▶ **Try it**:
The result should be the lines from the one holding "Dsquared2 Baseball Hat" to the end of the records below, repeated exactly. No pictures.

START Exercise data

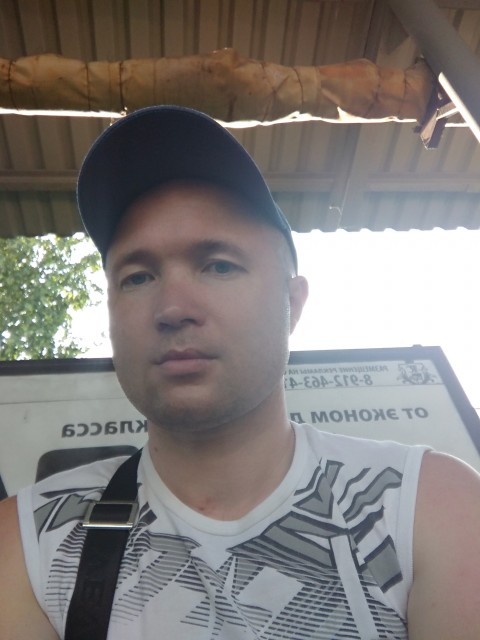 Александр, Россия, Ижевск, 39 лет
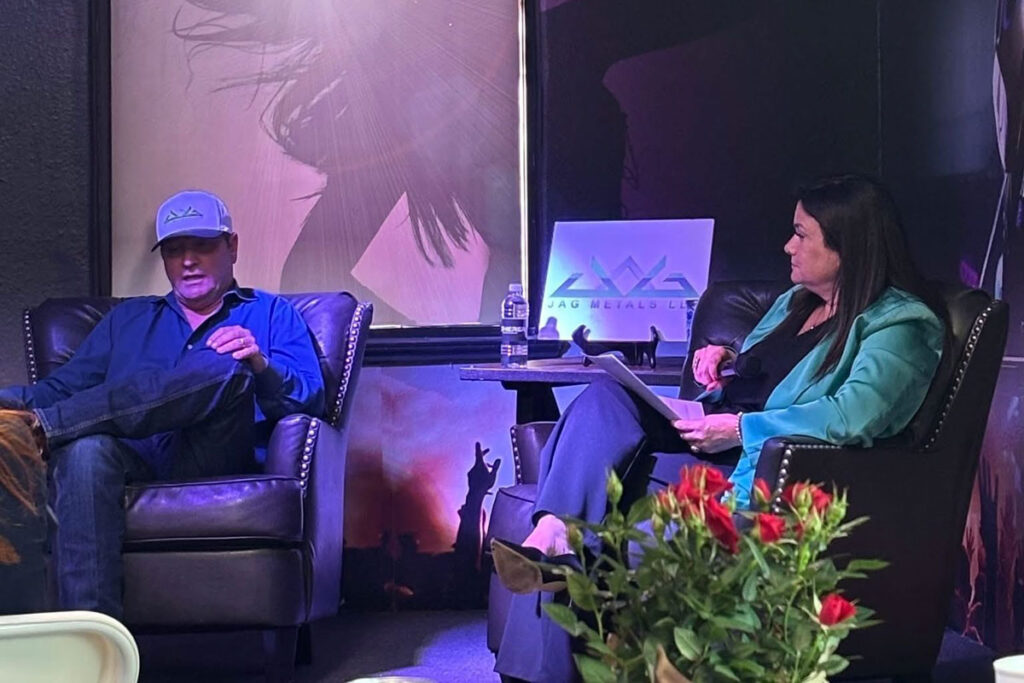 Townsquare Talk: A Metal Supply Company Victoria TX Success Story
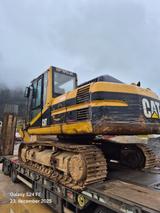 CAT 320 - CAT 320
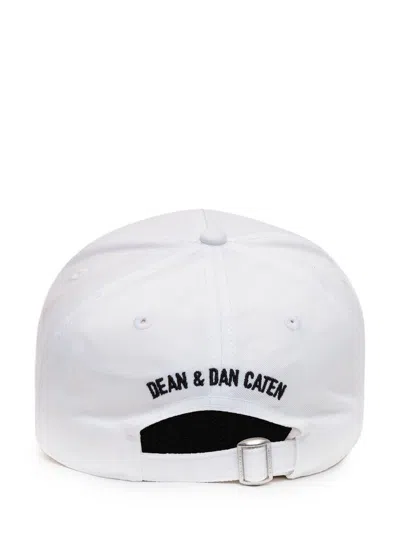 Dsquared2 Baseball Hat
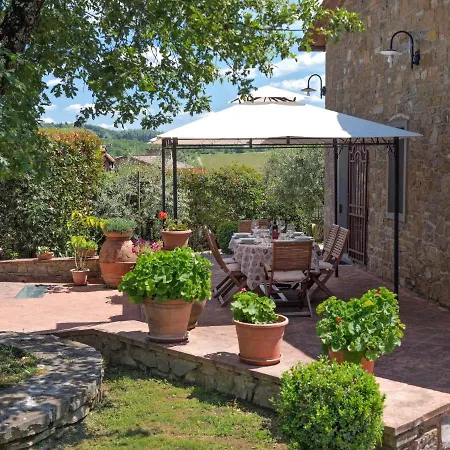 Del Poggio By Interhome Holiday home *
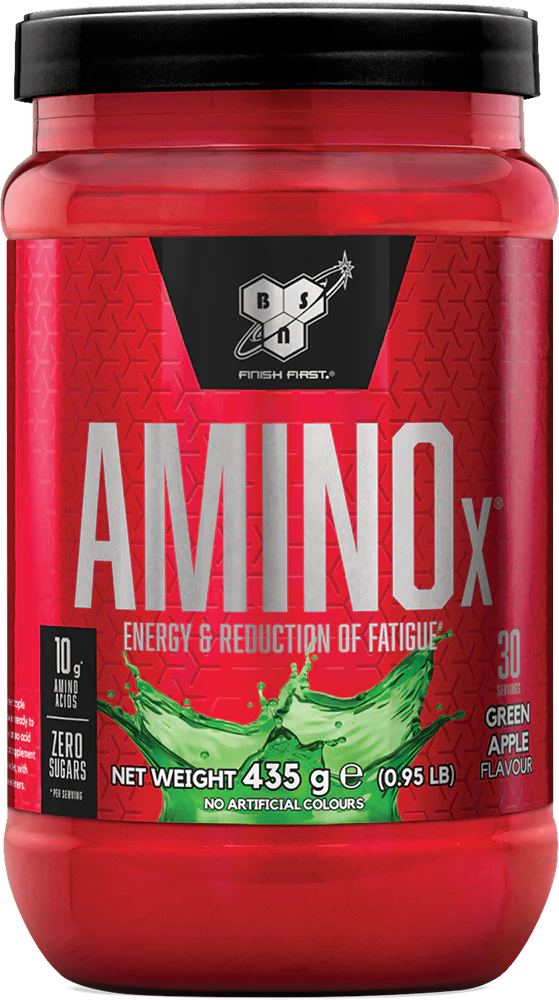BSN Amino X - Image 3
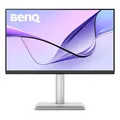 Produktbild: Benq MONITOR 27 IPS DESIGNED FOR MAC MM BENQ MA270U 4K UHD USBC HDMI PIVOT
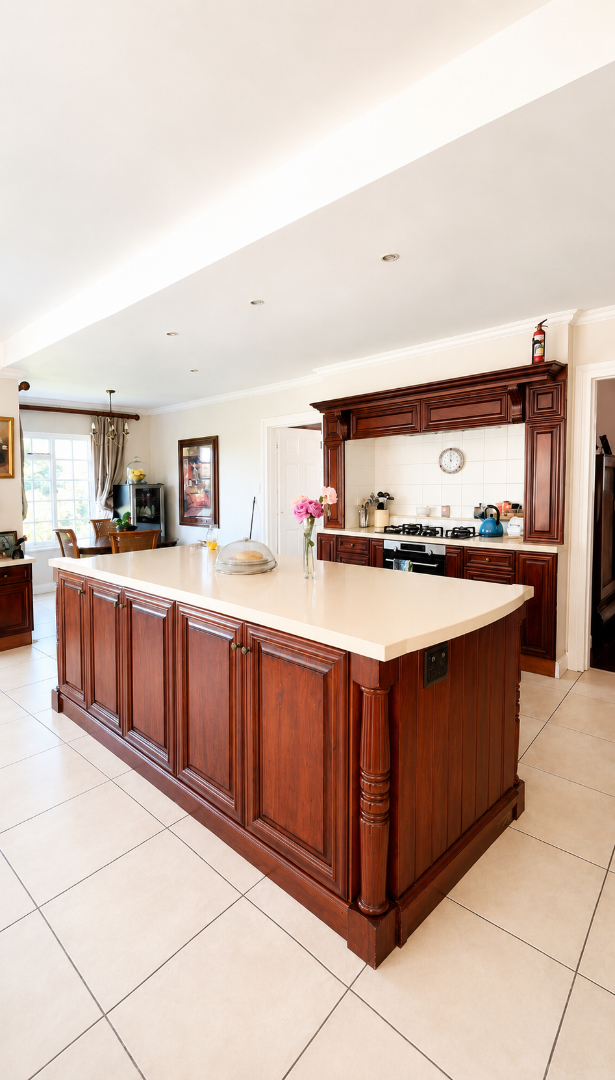4 Bedroom Property for Sale in Oak Park KwaZulu-Natal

END Exercise data

▶ **Solution to the problem**:
 Dsquared2 Baseball Hat
 Del Poggio By Interhome Holiday home *
BSN Amino X - Image 3
 Produktbild: Benq MONITOR 27 IPS DESIGNED FOR MAC MM BENQ MA270U 4K UHD USBC HDMI PIVOT
4 Bedroom Property for Sale in Oak Park KwaZulu-Natal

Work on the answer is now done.